Robo is just trying to get others.... nevermind. Robo's BS is getting so predictable he'll next be touting that nuclear waste is a growing industry worth investing in, showing the usual BS chart of some company.

+++++ Robo, you really are getting overly predictable and exceedingly boring. +++++

hambone's picture

T - the current global CB policies are creating massive liquidity on one side of the ledger to use in speculation of liquid assets against the deflationary pressure of the RE / CRE / credit bust on the other.

Budget deficits so large now they can't stop...so they won't.  I'm betting we see stagflation and maybe "megaflation" or hyperinflation before we finally see the much awaited deflation.

Flations bitchezzz.

Internet Tough Guy's picture

Momotrader is our Gartman. See my post below.

Internet Tough Guy's picture

Gold getting brutalized pre-market, AAPL also getting crushed
RobotTrader - Tue, Apr 5, 2011 - 09:18 AM

Perhaps some of these ultra high risk investments will get slaughtered today?

Pladizow's picture

To: RoboTrader

You spend an aweful lot of time in a forum that thinks your a douche.

Debtless's picture

golf clap. and another for the comment.

Votewithabullet's picture

Imagine. He has an opinion.Some of these pussies want to form a mutual  masterbation society.

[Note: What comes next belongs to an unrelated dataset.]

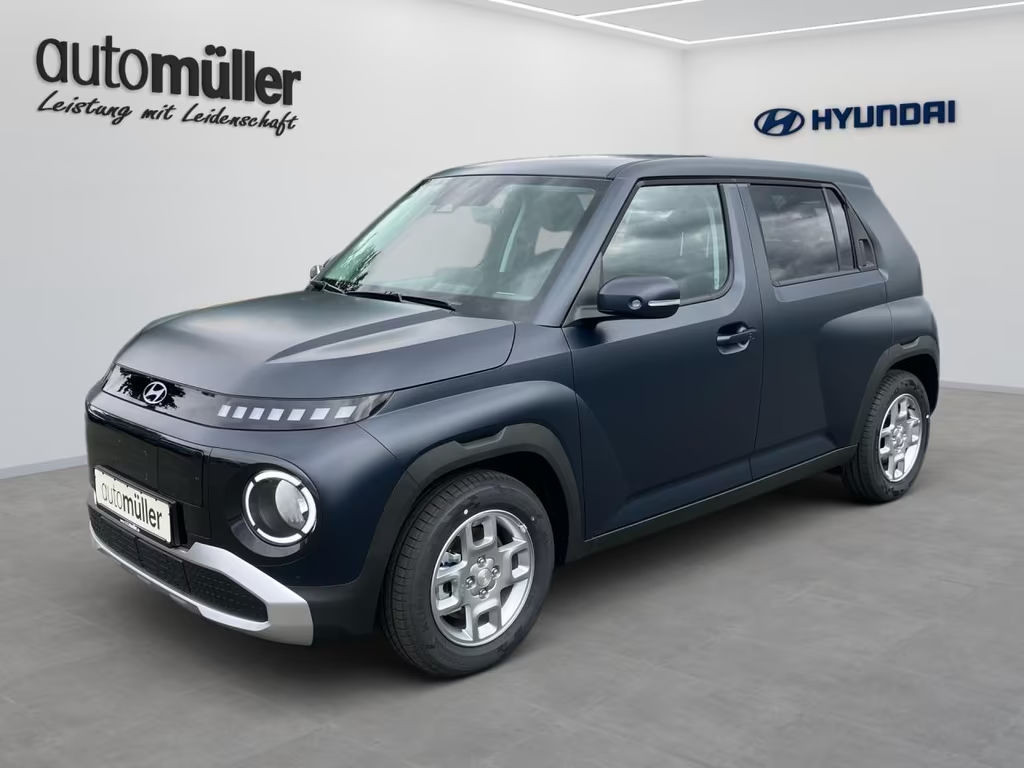 Hyundai INSTER Trend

lieutenantjohnchard's picture

tard, so that you can live vicariously through the gains of silver and gold investors in the zh community imagine all the zh and jim sinclair types tonight popping cab corks over a steak and a wedge.

Richard Head's picture

Fuck off.  Your next post will be the complete opposite, and then you'll try to claim victory somewhere else regardless of what happens.


umop episdn's picture

Gold, silver, corn, crude, all more expensive. Now the price of transitories is going up too.